On Thursday, June 15, 2017 at 2:35:39 AM UTC+2, S. Jacobi wrote:
> I am using termite as my terminal emulator, which advertises 256 colors
> support via terminfo. I only defined 20 colors: fg, fg_bold, bg, cursor
> and the 16 colors in their normal and bright variants.
> I do not use a vim colorscheme, just the terminal colors. In some shell
> scripts I see colors that I have not defined and which are not affected
> if I change my color palette. So my question is: How are those colors
> determined and how can I change them?
>
> How to reproduce:
> 1) set t_Co=256 in vimrc (if it is set to 16 those "new" colors do not
> appear)
> 2) I set all 16 colors in my termite config file to #ff0000 (to
> oberserve the changes)
> 3) Minimal shell script:
> #/bin/bash
> $testvar=1
> cd dir
> ./command --help
> 4) $testvar is in cyan, --help is in some pinkish color
>
> I haven't tested setting all 256 colors in my config file to red, if
> this affects those two cases I found.
>
> Kind regards
First, check that Vim knows that yout terminal allows 256 colors:
:set t_Co?
The answer should be
t_Co=256
If it isn't, and you know that your current console _does_ support 256 colors, you can set it. Even in your vimrc if you know how to identify that terminal (as opposed to a dumb 16-color text console) at startup, e.g. from its 'term' value.
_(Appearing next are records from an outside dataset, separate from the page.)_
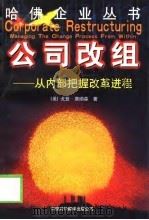 公司改组——从内部把握改革进程（1999年01月第1版 PDF版）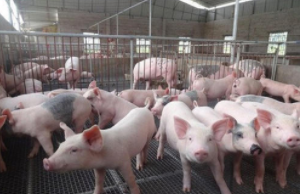 生猪产能下降明显 全国猪肉价格仍将高位徘徊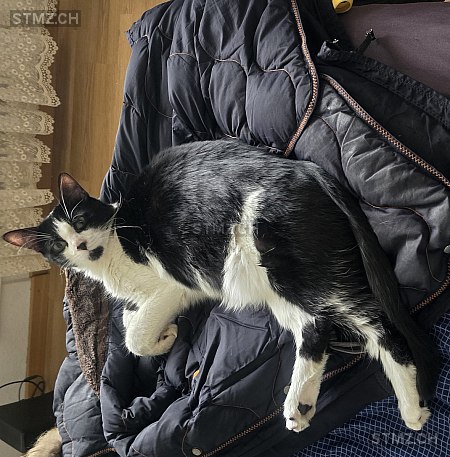 Punto — Hauskatze ♂, Vermisst seit 24.08.2025, Urdorf (ZH)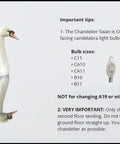 Candelabra Bulb Changer For Chandeliers No Ladder Needed No Extension Pole Upward Facing Bulbs Replacement Tool For High Ceilings guide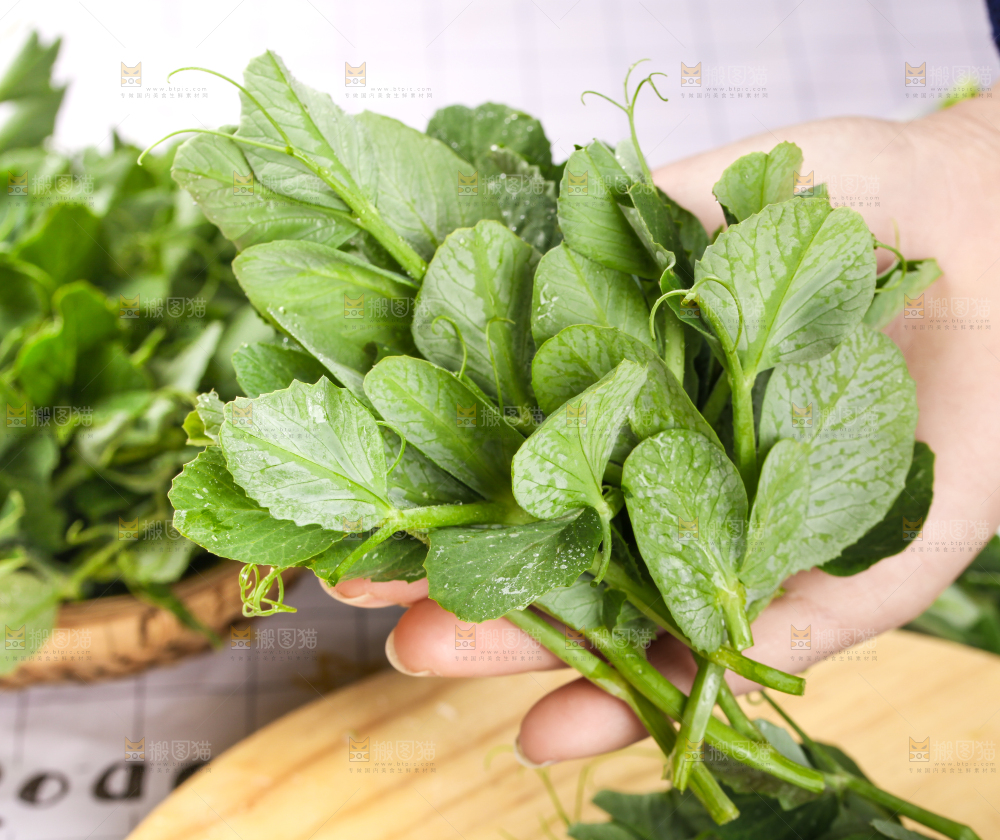 手里拿着豌豆苗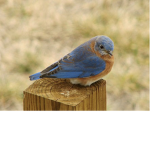 The blue bird club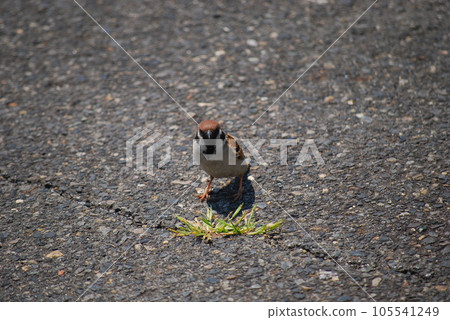 Sparrow walking on asphalt 105541249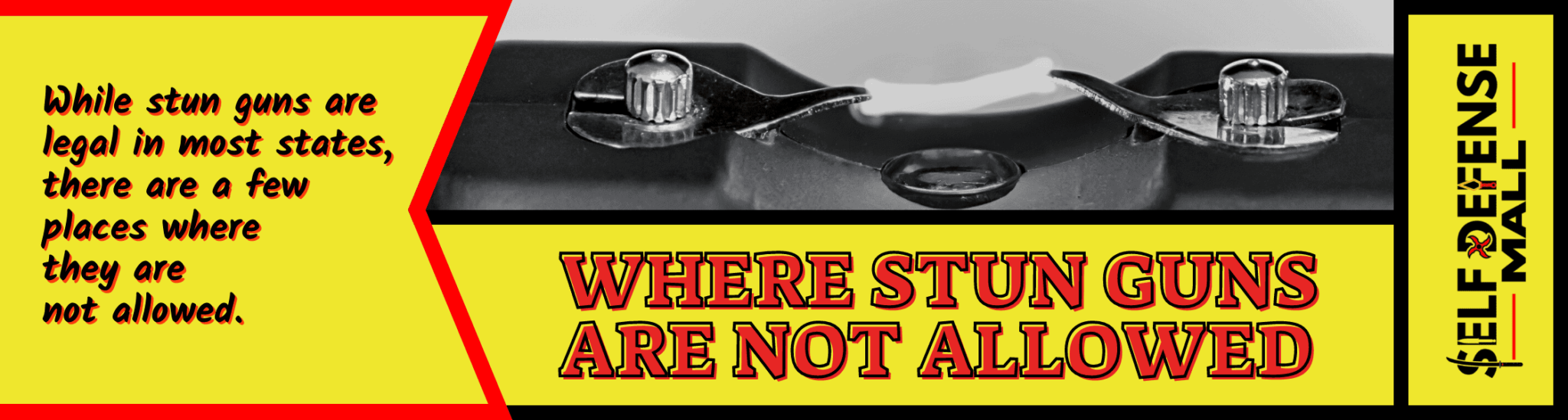 Review of the Stun Gun Laws in the United States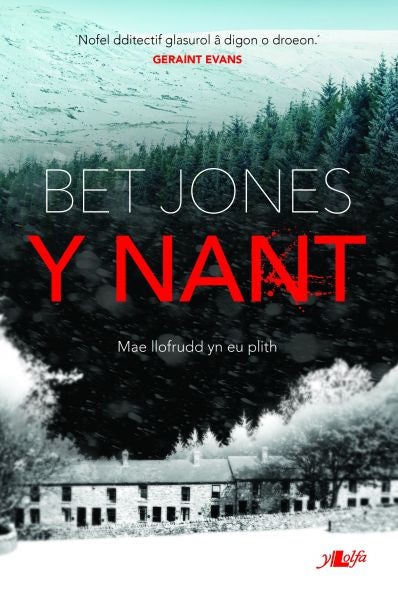 Cover image for Y Nant, isbn: 9781784613242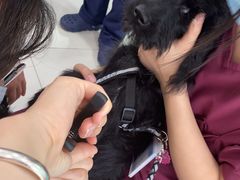 -纳吉亚猫专科动物医院博雅分院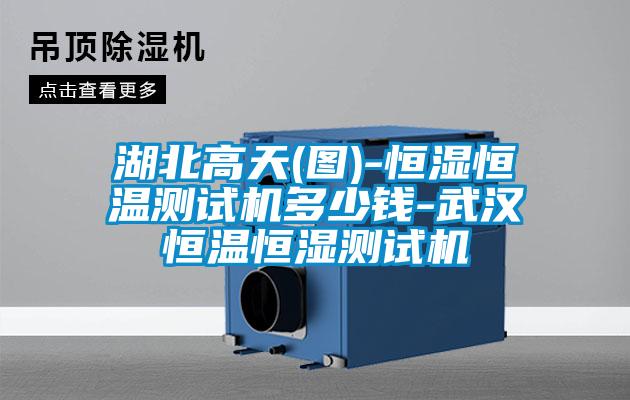 欧美黄色电影在线播放 湖北高天(图)-恒湿恒温测试机多少钱-武汉恒温恒湿测试机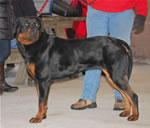 1355 Shanti Von Evman V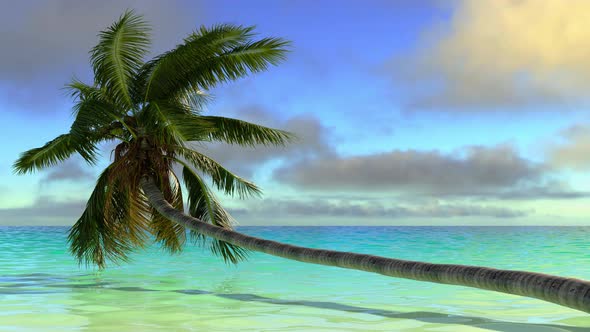 Beautiful tropical landscape palm tree over sea waves and fast clouds.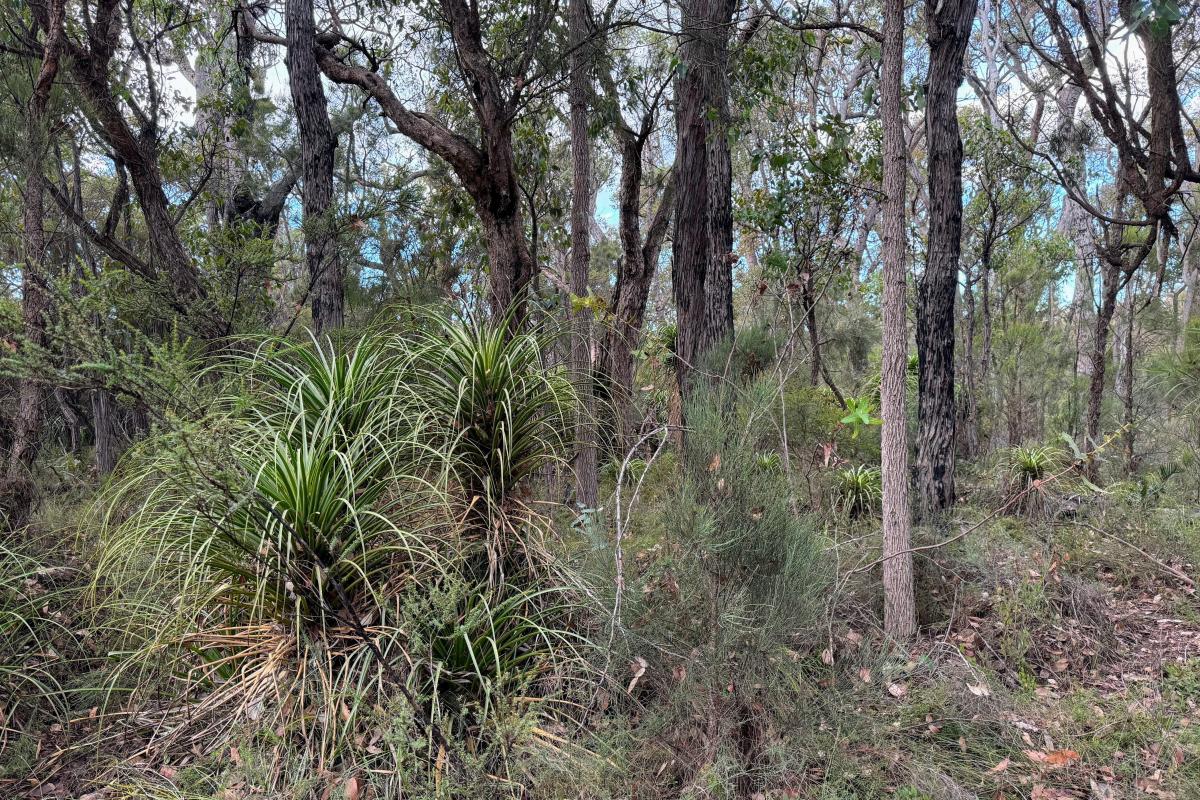 Pineapple bush, jarrah and marri at Canebrake Pool Pineapple bush, jarrah and marri at Canebrake Pool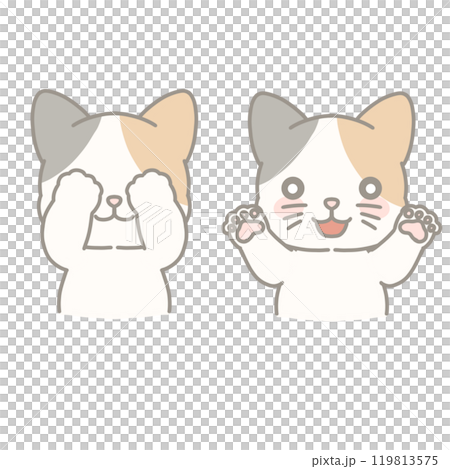 一隻三色貓玩躲貓貓的插圖 119813575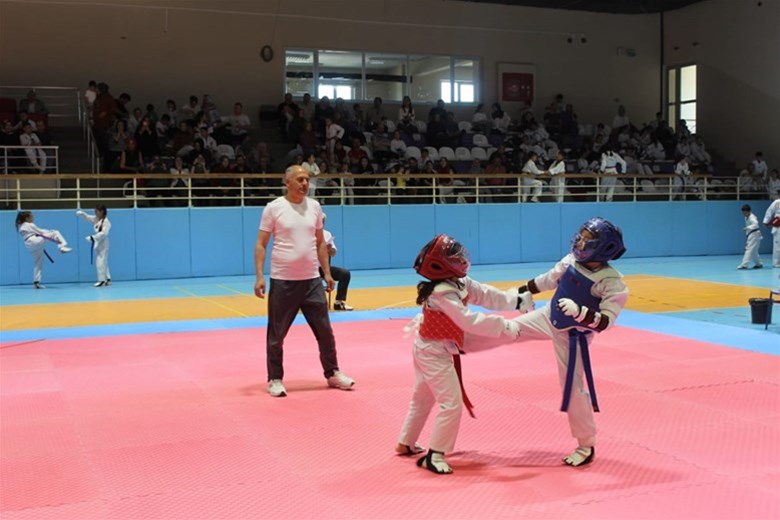 30 Ağustos Zafer Haftası Taekwondo Minikler Müsabakaları Tamamlandı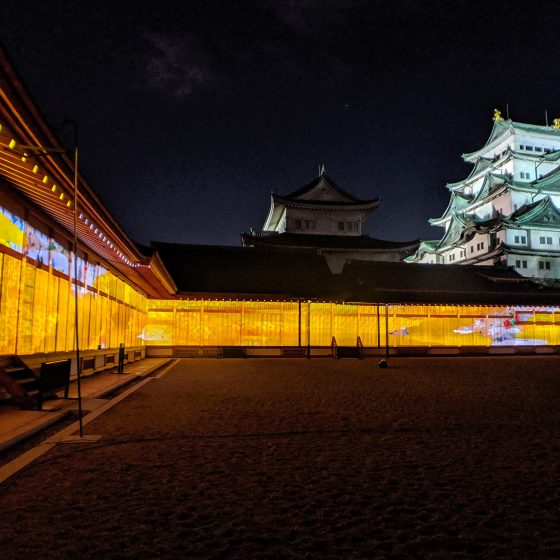 Nagoya Castle Night Visit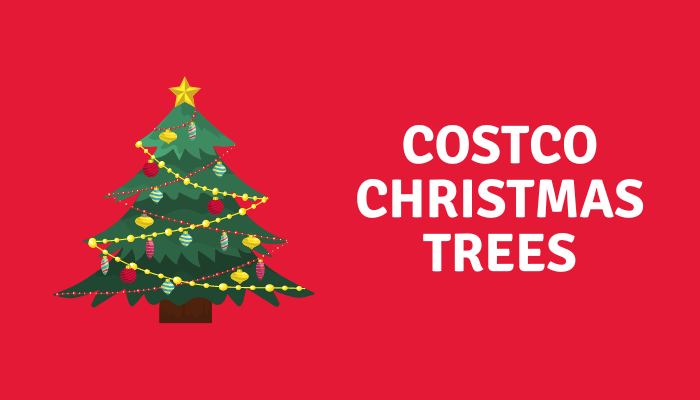 costco christmas trees with lights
Then, if you don't want to bother to identify where (at which ordinal) in the terminal palette a certain pink or green or whichever color is found, I recommend to use gui-like settings in the cterm. There are two ways to do that:
a) (easiest)
if has('termguicolors')
set termguicolors
endif
b) to use guifg= guibg= in the cterm even with a gui-enabled Vim not compiled with +termguicolors, you could also take advantage of the CSApprox plugin, see
http://vim.wikia.com/wiki/Using_GUI_color_settings_in_a_terminal#Solution_2:_the_CSApprox_plugin
Best regards,
Tony.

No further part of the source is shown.